Wednesday, January 11, 2012

Tales from the One Percent

If you or I broke the finger of some waitperson at a local restaurant we'd be trying to make bail on criminal assault charges. But John Castle is a rich bastard, one of those leveraged buyout vampires who grow wealthy sucking the life out of other people's hard work.

It's not like the waiter poured hot coffee on Castle's head, something that might justify a brief spasm of rage. No, no, no. Castle was pissed because the waiter presented him with a bill. Faced with a gentle request to pay for the food he had eaten, Castle allegedly grabbed the waiter's arm and twisted it violently. (I'm assuming the twisting was violent because finger bones don't crack easily.)

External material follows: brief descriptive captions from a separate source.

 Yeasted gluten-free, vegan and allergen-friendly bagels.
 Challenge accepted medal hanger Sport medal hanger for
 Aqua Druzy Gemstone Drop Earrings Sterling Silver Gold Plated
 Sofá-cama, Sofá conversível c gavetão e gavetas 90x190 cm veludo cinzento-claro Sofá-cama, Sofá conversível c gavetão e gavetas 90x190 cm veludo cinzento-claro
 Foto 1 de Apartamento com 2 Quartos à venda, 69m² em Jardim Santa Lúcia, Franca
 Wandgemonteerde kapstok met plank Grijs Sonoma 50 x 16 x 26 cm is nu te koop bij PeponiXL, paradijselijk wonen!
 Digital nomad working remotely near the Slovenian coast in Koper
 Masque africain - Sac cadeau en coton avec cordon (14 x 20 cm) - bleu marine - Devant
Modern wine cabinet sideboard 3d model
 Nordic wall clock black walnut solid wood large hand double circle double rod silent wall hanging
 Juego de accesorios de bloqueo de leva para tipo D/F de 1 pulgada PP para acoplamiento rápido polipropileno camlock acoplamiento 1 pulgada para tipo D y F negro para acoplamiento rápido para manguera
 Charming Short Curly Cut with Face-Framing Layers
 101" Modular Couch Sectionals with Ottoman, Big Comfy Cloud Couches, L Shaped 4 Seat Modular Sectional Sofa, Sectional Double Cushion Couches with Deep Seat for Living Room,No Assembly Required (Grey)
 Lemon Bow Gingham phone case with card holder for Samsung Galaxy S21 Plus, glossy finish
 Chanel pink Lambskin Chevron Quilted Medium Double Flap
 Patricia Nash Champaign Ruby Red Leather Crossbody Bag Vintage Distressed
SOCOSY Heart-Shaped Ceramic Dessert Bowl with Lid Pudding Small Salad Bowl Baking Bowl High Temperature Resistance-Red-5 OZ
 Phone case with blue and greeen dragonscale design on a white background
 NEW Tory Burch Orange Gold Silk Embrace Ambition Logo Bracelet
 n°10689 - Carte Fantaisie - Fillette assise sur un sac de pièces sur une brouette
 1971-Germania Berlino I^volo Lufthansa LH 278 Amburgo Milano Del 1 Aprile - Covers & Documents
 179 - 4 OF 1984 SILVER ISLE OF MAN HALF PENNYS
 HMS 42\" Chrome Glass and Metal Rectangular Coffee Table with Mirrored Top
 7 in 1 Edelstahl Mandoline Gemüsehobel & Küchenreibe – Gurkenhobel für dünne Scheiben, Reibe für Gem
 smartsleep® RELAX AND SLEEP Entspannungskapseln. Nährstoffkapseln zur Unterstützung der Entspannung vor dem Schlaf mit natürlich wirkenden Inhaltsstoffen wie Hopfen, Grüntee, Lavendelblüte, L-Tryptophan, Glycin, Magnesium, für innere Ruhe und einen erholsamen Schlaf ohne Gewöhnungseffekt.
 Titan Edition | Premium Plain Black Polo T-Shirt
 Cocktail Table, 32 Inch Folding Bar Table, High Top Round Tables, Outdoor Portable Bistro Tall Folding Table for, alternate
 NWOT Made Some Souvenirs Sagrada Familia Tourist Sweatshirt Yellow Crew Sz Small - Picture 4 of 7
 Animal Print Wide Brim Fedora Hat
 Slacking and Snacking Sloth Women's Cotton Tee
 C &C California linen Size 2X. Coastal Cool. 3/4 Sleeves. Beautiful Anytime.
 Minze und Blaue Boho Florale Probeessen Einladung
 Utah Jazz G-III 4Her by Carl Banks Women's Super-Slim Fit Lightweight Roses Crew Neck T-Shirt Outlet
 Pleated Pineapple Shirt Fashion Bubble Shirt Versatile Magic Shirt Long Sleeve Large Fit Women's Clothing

Palm Beach police are "investigating" (cop speak for "trying not to piss off the rich dude again").  The waiter has had to hire a lawyer, he will probably get fired and black listed from every swank eatery in south Florida. Such is life in the aristocratic United States.

1 comment:

Unknown said...

The fact is, when a rich and/or powerful person drives drunk or punches a bell boy or gets caught with cocaine, it's not as bad as when you or I do it.

I mean, the rich guy must know what's best, because he's rich. If the rich do it, it creates jobs, remember?

Its like the traditional difference n sentencing guidelines between cocaine and crack.